What are the unwritten conventions to be followed when designing a query and designing databases?
Here are some ideas on the same. (for sql server).
The same principles could be extended to other relational databases as well.
Database design :
1) Use primary keys. A table without a primary key is a poorly designed table. (Transactional replication in sql server requires a primary key, please note.)
2) When choosing primary key, use some combination of integers and characters that is compact, unique and not intuitive. There is a historical perspective to this, please note.
Conventional wisdom says that primary key should be monotonically increasing integers (which consume less bytes), and hence theoretically, should be optimum.
But, in the light of the OWASP recommendations, this poses a security loophole which can be exploited by hackers. Hence use an alphanumeric key, where the numeric component is based on some logical entity, and is not intuitive.
As per OWASP recommendations, violation of this principle can lead to unwarranted data accesses through url modifications and compromise sensitive data in web applications.
3) Normalize your database.....to the Third Normal form. (What follows from this is that the database is already normalized to the First and Second Normal forms.)
This leads to the elimination of data redundancy and more effecient query performance.
4) Preferably maintain foreign key relationships through the application itself. This point has been arrived at through personal experience and is my personal stand on this issue. When there are too many foreign key relationships in the database it leads to too many CPU reads and can hamper query execution and increase data processing times.
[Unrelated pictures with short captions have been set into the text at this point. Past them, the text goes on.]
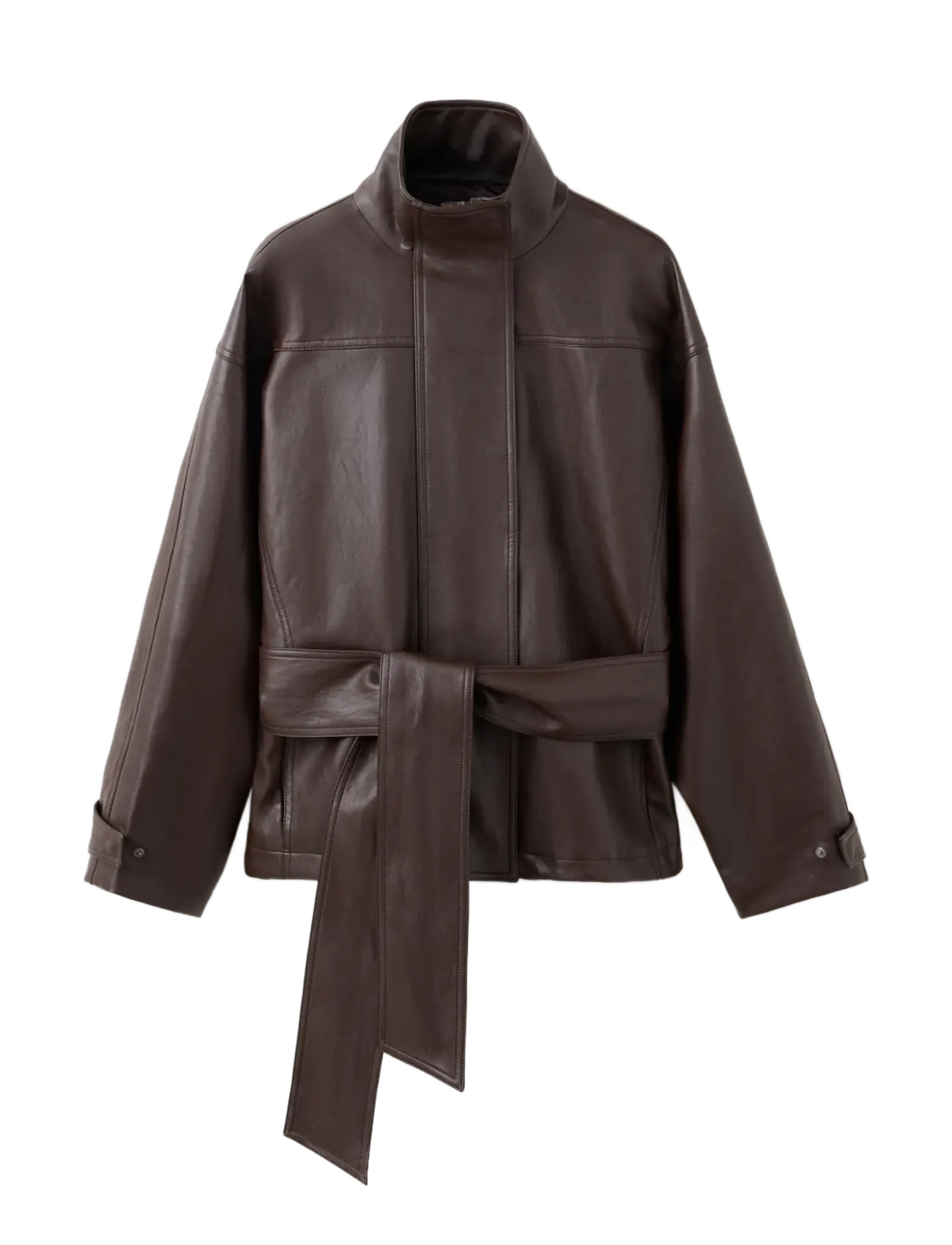 Mango - Oversized belted jacket - dark brown - 1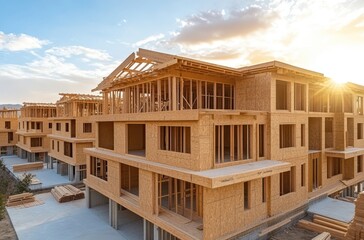 Construction Site of a Modern Residential Development Under a Bright Sunset With Wooden Framework and Open Spaces, Showcasing the Progress of Urban Building Projects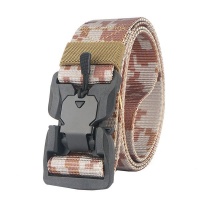 Magnetic Buckle Quick-Release Nylon Canvas Military Belt - Desert Camouflage Photo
5) Choose your column widths as per the User Interface design. If your phone no. has 10 digits then do not provide 100 characters to store it. This is sloppy design. Match database design with UI layer and business logic considerations.
6) Do not waste space. If your data has variable length upto 5 characters use varchar(5). not char(5) which is padded with spaces. This again is sloppy design.
7) Add a CreatedBy, DateCreated and DateUpdated to all tables. These fields serve as audit fields and constitute robust design.
8) Use stored procedures as far as possible. (if required use output parameters). This way you avoid using inline queries and also let the database take care of management of the stored procedure.
9) Do not create table objects as cache tables in the database. Use temporary tables whose domain is the body of the stored procedure. Use of table objects can create locking issues.
10) Encrypt all passwords in the database. Do not store passwords as clear text. The reason for this is too obvious to highlight. It could land you in some serious difficulties if you don't do this !
Writing a bad performing query is worse than not writing a query at all.
1) A "WHERE" clause is a primary row filter. When using it remember that "=" operator gives the best results.
Compare and contrast this with "<>" which is much slower.
Other inequality operators like ">=" also do not perform as well.
2) Avoid using inline queries in applications. This can lead to SQL Injection attacks, another OWASP recommendation.
3) Don't use dynamic sql in stored procedures. This is fodder for hackers and others with maliciious intent for the same reason listed in (2) above.
4)When using a WHERE clause on multiple columns place the greatest filter first in the list. eg) Admin / Staff as opposed to Male / Female which is less restrictive. (and hence filters out less rows).
5) Don't use "SELECT * " where it is not required. This enforces a table scan and is very slow. The more the columns the more the overhead.
These are some simple guidelines to follow. There are certainly more, but these are by far the most important, and simple.